" Indeed, a great
book is often a greater thing than a great battle. Even works of
fiction have occasionally exercised immense power on society.
Thus Rabelais in France, and Cervantes in Spain, overturned at the
same time the dominion of monkery and chivalry, employing no other
weapons but ridicule, the natural contrast of human terror. The
people laughed, and felt reassured. So 'Telemachus' appeared, and
recalled men back to the harmonies of nature.

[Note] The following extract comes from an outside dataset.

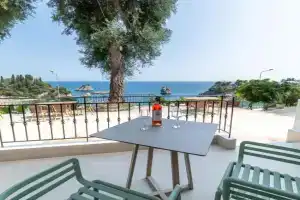 Lithitsa Lofts and Suites, Parga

"Poets," says Hazlitt, "are a longer-lived race than heroes: they
breathe more of the air of immortality. They survive more entire
in their thoughts and acts. We have all that Virgil or Homer did,
as much as if we had lived at the same time with them. We can
hold their works in our hands, or lay them on our pillows, or put
them to our lips. Scarcely a trace of what the others did is left
upon the earth, so as to be visible to common eyes. The one, the
dead authors, are living men, still breathing and moving in their
writings; the others, the conquerors of the world, are but the
ashes in an urn. The sympathy (so to speak) between thought and
thought is more intimate and vital than that between thought and
action. Thought is linked to thought as flame kindles into flame;
the tribute of admiration to the MANES of departed heroism is like
burning incense in a marble monument. Words, ideas, feelings,
with the progress of time harden into substances: things, bodies,
actions, moulder away, or melt into a sound--into thin air.